• _Information shown_
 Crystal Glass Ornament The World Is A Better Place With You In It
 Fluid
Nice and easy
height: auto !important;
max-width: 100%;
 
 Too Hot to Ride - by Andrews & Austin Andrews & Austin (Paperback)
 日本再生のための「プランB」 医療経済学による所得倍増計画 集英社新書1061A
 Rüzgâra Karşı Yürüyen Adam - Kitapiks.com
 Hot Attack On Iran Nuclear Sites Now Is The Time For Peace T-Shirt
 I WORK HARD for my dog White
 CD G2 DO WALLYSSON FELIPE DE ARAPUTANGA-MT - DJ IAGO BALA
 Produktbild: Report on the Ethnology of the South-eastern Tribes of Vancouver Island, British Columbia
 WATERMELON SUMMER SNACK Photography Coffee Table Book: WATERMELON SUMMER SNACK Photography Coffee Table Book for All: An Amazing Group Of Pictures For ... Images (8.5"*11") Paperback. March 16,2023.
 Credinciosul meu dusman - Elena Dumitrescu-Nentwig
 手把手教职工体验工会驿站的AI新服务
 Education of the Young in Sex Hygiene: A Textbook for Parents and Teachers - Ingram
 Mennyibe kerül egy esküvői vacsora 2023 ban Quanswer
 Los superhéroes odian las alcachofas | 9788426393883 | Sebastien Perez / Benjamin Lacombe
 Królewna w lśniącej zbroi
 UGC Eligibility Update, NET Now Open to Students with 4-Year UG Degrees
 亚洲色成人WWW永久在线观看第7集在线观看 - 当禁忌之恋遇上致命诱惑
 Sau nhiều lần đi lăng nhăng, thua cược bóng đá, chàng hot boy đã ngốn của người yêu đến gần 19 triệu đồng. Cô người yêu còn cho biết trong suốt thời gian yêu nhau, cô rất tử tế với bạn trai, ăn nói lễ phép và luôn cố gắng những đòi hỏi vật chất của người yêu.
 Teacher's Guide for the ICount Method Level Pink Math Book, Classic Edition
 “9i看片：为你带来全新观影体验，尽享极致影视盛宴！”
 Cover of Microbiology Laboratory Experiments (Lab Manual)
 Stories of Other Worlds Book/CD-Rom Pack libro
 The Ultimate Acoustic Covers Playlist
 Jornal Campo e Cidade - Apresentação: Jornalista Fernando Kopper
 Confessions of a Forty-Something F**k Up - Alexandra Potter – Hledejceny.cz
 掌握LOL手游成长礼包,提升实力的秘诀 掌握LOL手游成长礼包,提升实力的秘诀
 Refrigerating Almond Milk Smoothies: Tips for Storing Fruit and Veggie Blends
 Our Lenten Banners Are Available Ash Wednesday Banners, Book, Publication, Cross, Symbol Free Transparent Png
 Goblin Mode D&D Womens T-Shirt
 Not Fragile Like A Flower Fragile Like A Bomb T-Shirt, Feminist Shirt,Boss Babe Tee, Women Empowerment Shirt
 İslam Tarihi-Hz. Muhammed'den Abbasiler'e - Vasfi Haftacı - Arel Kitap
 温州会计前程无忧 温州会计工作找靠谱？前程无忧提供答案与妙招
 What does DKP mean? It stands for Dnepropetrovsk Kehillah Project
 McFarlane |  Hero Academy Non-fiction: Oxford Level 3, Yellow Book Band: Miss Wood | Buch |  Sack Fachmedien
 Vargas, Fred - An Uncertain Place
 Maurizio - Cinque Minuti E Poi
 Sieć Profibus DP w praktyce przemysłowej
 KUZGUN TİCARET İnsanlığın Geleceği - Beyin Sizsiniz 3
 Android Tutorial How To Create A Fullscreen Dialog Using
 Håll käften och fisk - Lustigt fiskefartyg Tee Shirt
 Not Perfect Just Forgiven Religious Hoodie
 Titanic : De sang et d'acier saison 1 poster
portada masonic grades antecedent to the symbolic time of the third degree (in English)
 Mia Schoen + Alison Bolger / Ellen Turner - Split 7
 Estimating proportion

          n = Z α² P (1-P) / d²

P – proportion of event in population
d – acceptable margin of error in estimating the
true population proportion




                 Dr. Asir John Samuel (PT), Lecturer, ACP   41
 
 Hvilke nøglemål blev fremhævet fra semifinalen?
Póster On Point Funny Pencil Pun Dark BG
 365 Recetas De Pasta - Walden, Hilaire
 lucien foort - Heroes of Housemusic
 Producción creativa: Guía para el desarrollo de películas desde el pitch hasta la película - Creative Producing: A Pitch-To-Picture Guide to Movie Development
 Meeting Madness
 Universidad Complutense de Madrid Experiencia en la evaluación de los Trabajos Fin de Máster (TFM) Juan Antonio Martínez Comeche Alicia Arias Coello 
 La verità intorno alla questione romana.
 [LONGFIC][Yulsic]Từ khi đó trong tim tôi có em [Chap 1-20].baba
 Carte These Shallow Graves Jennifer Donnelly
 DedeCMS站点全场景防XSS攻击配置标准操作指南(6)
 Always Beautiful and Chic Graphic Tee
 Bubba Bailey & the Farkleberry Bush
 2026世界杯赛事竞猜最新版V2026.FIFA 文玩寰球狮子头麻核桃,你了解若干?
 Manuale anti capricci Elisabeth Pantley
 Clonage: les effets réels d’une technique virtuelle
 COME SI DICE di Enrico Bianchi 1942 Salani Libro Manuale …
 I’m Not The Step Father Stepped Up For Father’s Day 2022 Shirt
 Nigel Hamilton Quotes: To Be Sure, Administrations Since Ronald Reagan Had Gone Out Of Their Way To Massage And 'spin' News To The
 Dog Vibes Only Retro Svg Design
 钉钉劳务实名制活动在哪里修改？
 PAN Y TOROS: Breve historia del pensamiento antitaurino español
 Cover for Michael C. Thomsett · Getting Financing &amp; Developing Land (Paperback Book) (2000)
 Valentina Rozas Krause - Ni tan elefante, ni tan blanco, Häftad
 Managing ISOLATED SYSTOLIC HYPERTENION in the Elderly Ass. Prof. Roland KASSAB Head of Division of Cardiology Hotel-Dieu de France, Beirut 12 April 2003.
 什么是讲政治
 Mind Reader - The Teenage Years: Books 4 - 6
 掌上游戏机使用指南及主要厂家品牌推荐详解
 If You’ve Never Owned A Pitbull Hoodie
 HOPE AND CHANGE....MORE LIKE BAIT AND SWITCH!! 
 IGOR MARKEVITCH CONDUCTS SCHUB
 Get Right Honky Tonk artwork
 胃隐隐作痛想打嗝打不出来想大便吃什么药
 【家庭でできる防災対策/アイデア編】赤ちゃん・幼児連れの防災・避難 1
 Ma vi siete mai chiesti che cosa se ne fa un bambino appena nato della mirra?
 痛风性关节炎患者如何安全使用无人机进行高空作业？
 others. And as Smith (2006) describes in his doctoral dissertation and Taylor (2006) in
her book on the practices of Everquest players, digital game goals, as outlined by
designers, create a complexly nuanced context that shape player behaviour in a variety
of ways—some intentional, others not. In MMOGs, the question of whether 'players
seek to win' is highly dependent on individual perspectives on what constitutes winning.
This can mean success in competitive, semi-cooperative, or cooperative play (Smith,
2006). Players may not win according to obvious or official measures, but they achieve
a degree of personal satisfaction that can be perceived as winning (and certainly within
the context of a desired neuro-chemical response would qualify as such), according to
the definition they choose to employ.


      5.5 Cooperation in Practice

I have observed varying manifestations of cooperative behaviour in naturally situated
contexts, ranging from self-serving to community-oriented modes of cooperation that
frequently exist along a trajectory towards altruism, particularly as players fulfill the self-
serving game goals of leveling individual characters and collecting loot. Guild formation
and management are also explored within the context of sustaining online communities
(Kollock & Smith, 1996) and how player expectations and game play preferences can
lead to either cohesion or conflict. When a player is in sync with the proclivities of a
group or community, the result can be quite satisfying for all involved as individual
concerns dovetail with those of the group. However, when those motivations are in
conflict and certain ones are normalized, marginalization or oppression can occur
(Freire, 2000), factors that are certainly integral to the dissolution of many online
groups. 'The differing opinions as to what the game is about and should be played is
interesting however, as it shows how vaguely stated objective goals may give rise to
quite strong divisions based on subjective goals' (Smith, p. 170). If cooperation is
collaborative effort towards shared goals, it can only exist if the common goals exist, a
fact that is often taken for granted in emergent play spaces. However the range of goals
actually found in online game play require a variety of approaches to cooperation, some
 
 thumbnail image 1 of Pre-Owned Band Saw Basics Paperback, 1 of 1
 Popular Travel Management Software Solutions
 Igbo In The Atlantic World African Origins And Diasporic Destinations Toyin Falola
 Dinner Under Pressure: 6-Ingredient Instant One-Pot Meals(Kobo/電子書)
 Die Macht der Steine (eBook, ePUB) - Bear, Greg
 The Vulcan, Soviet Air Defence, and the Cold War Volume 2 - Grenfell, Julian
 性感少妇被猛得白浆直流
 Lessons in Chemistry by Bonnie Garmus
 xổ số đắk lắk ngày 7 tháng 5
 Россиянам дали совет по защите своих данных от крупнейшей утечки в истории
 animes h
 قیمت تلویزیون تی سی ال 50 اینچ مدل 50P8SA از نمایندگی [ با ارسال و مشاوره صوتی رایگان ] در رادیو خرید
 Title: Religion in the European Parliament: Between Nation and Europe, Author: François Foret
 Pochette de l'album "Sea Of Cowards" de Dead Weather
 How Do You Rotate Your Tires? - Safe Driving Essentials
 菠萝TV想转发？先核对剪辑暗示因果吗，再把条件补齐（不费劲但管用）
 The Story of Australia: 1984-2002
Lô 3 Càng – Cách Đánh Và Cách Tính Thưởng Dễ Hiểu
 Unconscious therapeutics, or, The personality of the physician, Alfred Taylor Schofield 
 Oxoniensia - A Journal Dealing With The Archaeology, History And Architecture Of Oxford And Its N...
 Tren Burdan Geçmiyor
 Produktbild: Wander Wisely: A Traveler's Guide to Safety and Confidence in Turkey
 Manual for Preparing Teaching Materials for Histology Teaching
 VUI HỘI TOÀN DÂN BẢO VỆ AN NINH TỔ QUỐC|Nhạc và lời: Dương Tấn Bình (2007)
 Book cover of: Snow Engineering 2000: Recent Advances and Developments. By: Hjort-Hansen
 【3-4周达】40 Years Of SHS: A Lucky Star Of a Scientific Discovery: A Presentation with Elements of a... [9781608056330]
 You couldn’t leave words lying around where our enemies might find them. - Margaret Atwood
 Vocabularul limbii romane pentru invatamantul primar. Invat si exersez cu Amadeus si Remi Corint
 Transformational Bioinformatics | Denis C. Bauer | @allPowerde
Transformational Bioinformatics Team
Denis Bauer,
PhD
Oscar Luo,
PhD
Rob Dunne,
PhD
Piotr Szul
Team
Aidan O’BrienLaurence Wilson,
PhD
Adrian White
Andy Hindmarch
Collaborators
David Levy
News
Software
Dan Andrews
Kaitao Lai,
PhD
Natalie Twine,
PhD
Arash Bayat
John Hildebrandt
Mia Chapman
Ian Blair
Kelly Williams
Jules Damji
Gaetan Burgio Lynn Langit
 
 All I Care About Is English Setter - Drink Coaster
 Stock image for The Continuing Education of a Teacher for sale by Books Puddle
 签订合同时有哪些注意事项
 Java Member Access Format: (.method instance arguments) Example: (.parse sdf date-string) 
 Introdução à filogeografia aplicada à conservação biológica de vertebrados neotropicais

• _Requirement_
Return each line of the material in which the string "population" can be found.

• _Answer below_
P – proportion of event in population
true population proportion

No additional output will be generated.